Israelis develop hummus beer, of course

In the quintessentially Jewish Adam Sandler movie, You Don’t Mess with the Zohan, the actor pokes fun at Israelis’ acute affinity for the chickpea spread known as hummus, with characters using it as toothpaste, hair products, and even as a fire extinguisher.

While Sandler is obviously messing around, he does make a valid point re: the popularity of hummus in the Holy Land. Case in point: an Israeli sociologist with a fondness for beer but an allergy to gluten, has come up with his own brew, developed with chickpeas, dates and buckwheat.

Appropriately, it’s being referred to as “hummus beer.”

“It’s a very Middle Eastern food,” Bryan Meadan said of his gluten-free beer, reports AFP. “Local beer with local products.”

While chickpeas are normally used to create hummus and falafel, Meadan believes that it also has great potential as the foundation for a craft beer. The 52-year-old has long enjoyed micro-brewing in his own home, and has now expanded his operation into a small gluten-free brewery in the northern Israeli region of Karmiel.

While most beer aficionados will think of Goldstar and Maccabee when it comes to Israeli brews, craft beer has become quite the trend in metropolitan cities like Tel Aviv, just as it has in cities like New York and Toronto.

Considering that Tel Aviv’s Florentine borough was named the ‘second most hipster neighbourhood in the world’, it really shouldn’t be all that surprising. Hipsters do love craft beer, after all.

As the AFP notes, David Cohen, an American-Israeli who made aliyah a dozen years ago, also provides the region with microbrews. His special ingredient, however, is date honey.

Currently, Meaden’s craft beer will only be available in Israel.

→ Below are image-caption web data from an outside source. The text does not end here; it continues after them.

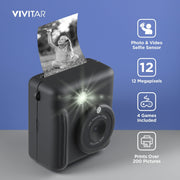 Vivitar 45379KIT-GREY Instant Camera Scrapbooking Holiday Bundle, Grey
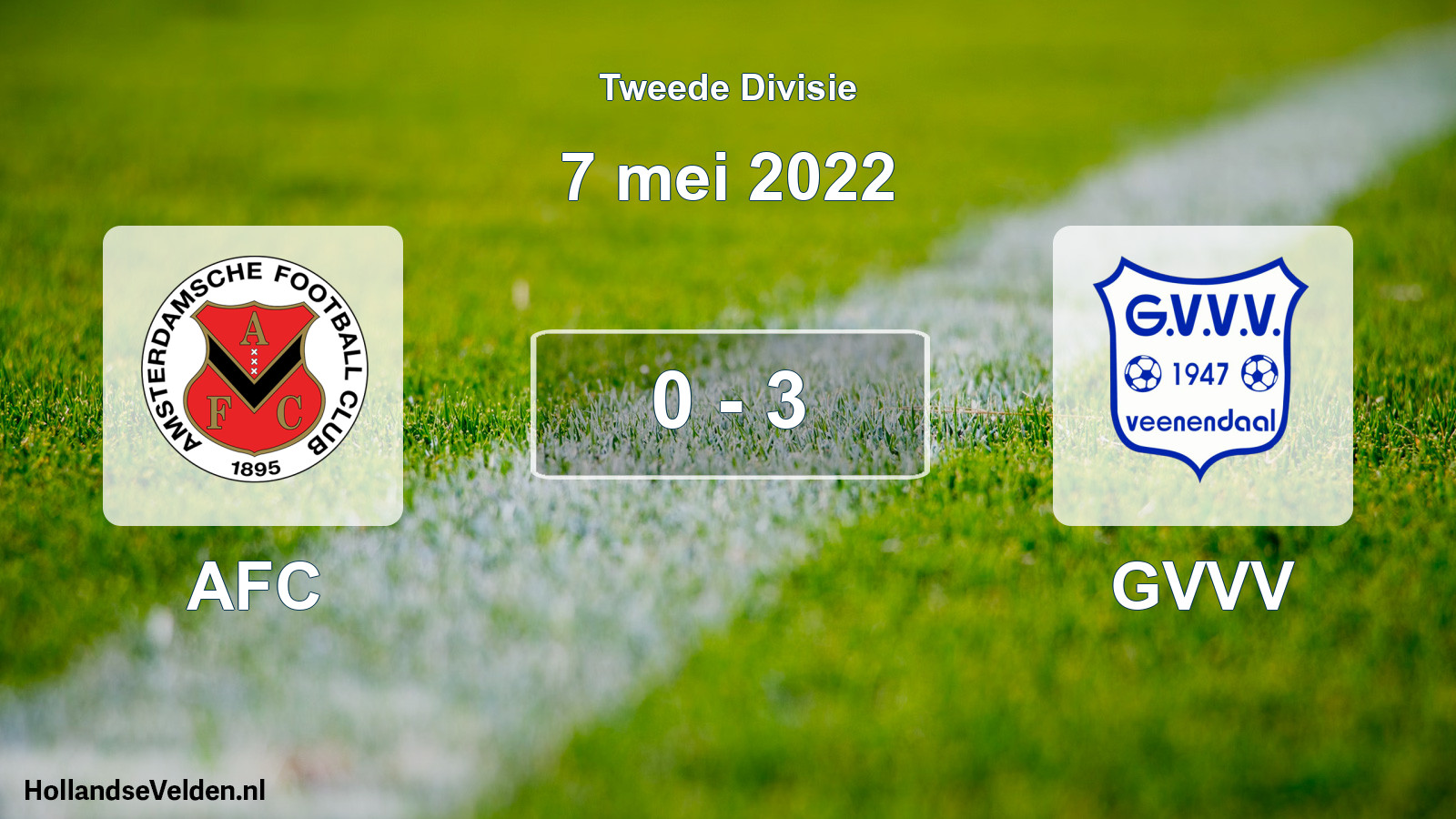 Total number of matches played: AFC - GVVV 0 - 3 (7 May 2022)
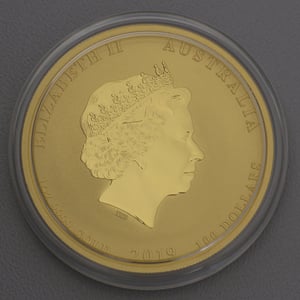 Goldmünze 1oz "Schwein" 2019 Lunar II – Year of the Pig (Australien) - Miniaturansicht 4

However, given the popularity of hummus in the United States and Canada, with Sabra being named an official dip of the NFL, and with hummus sales in the U.S. up from US$16 million in 2006 to US$800 million in 2012, it seems that there will likely be a demand for hummus beer as well, and soon.

If it does arrive in the Unites States, let’s just hope they bring it to Canada, too.